Comme dans le yoga du rire, méthode développée par le médecin indien Madan Kataria et où le rire est d’abord intentionnel puis devient naturel et contagieux, l’idée est que « l’action entraîne l’émotion » et l’idée qu’il pourrait augmenter la production des endorphines dans le cerveau, qualifiées d’hormones de bonheur.

  • Le rire du cœur : riez en levant les bras, paumes des mains levées vers le ciel, la tête penchée en arrière. Vous sentez le rire venir du fond du cœur.
  • Le rire du téléphone portable : vous tenez dans votre main un téléphone portable imaginaire et vous vous déplacez vers les autres, tout en mimant une conversation hilarante.
  • Le rire graduel : commencez par un sourire franc, bouche entrouverte, en y ajoutant petit à petit des gloussements ou de petits rires espiègles, dont vous augmentez graduellement l’intensité. À ce stade, tous les membres sont prêts à éclater d’un rire vrai, pendant plusieurs secondes. Puis, réduisez petit à petit le rire, jusqu’à son arrêt complet. Ce rire peut durer plusieurs minutes.

A titre personnel je suis plutôt partisan de la « méthode » Norman Cousins, qui consiste à regarder des films comiques.

Mais vous pouvez aussi voir des compilations de fous rires sur internet (ça marche presque à tous les coups), vous déguiser, faire la chenille (celle qui redémarre) ou imiter le cri du canard en arrivant dans votre centre des impôts (avec toutefois un risque sérieux de redressement fiscal).

Bref, faites absolument ce que vous voulez mais rigolez de bon cœur, le plus souvent que vous pouvez.

Car pour être en bonne santé, il faut certes manger bio, des légumes, des fruits, pas trop de viande, des bonnes graisses, surveiller son taux de vitamine D, de zinc, de magnésium, il faut marcher, prendre des bains de forêt, des compléments d’oméga-3 et un multivitamines, il faut bien dormir, prier ou méditer, mais il faut surtout rire et aimer la vie, cultiver le sens de l’humour, qui est comme disait Wolinski « le plus court chemin d’un homme à l’autre »…

Santé !

Gabriel Combris

1. Raconté dans Joe di Spenza, Le placebo, c’est vous.

2. Berk LS et al. Neuroendocrine and stress hormone changes during mirthful laughter. Am J Med Sci. 1989 Dec;298(6):390-6.

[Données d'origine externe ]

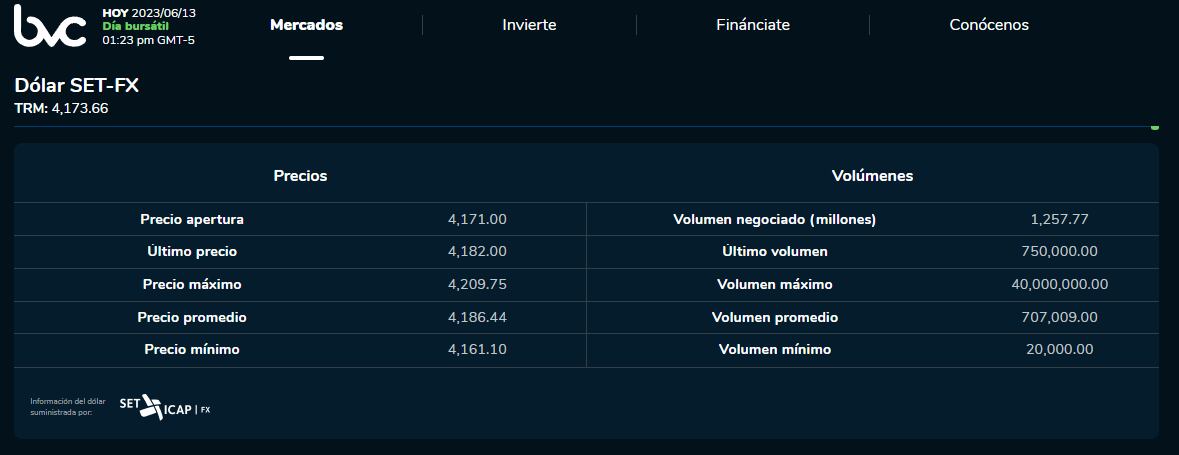 Precio del dólar en la jornada de cierre de este 13 de junio.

3. Fariba Ghodsb et al. The Effects of Laughter Therapy on General Health of Elderly People Referring to Jahandidegan Community Center in Shiraz, Iran, 2014: A Randomized Controlled Trial. Int J Community Based Nurs Midwifery. 2015 Jan; 3(1): 31–38.

4. Bains GS et al. The effect of humor on short-term memory in older adults: a new component for whole-person wellness. Adv Mind Body Med. 2014 Spring;28(2):16-24.

5. Hayashi K. Laughter is the Best Medicine? A Cross-Sectional Study of Cardiovascular Disease Among Older Japanese Adults. J Epidemiol. 2016 Oct 5;26(10):546-552. Epub 2016 Mar 12.